I just had the exact same question while reading "Java Concurrency In Practice" by Brian Goetz.

Stephen C's answer (the accepted one) is excellent! I only wanted to add on top of that one more resource I discovered. It is from JavaSpecialists, where Dr. Heinz M. Kabutz analyzes exactly the code example that devnull posted. He explains what classes are generated (outer, inner) after compiling and how this escapes. I found that explanation useful so I felt like sharing :)

issue192 (where he extends the example and provides a race condition.)

issue192b (where he explains what kind of classes are generated after compiling and how this escapes.)

---

This confused me quite a bit, as well. Looking at the full code example and also just reading it a million times helped me finally see it. Compliments to Stephen C, though, whose answer is quite thorough and offers a simplified example.

The problem is source.registerListener(), which is provided as a member of ThisEscape. Who knows what that method does? We don't.

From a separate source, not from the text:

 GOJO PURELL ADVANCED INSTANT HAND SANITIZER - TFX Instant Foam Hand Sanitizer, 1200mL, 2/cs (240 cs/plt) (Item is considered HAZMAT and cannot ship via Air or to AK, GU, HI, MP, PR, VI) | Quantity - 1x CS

ThisEscape doesn't specify, because it's declared in an interface within ThisEscape.

public class ThisEscape {
    // ...
    
    interface EventSource {
        void registerListener(EventListener e);
    }

    interface EventListener {
        void onEvent(Event e);
    }

    // ...
}

Whatever class implements EventSource provides the implementation for registerListener() and we have no idea what it might do with the provided EventListener. But, because EventListener is a part of ThisEscape, it also contains a hidden reference to it. That's why this example is so tricky. Basically, while ThisEscape is being constructed, a reference to it is published via source.registerListener(<reference>), and who knows what that EventSource will do with it.

It's one of the many great cases for a private constructor and static factory method. You can confine construction to one line in the static factory method, ensuring its completion before passing it to source.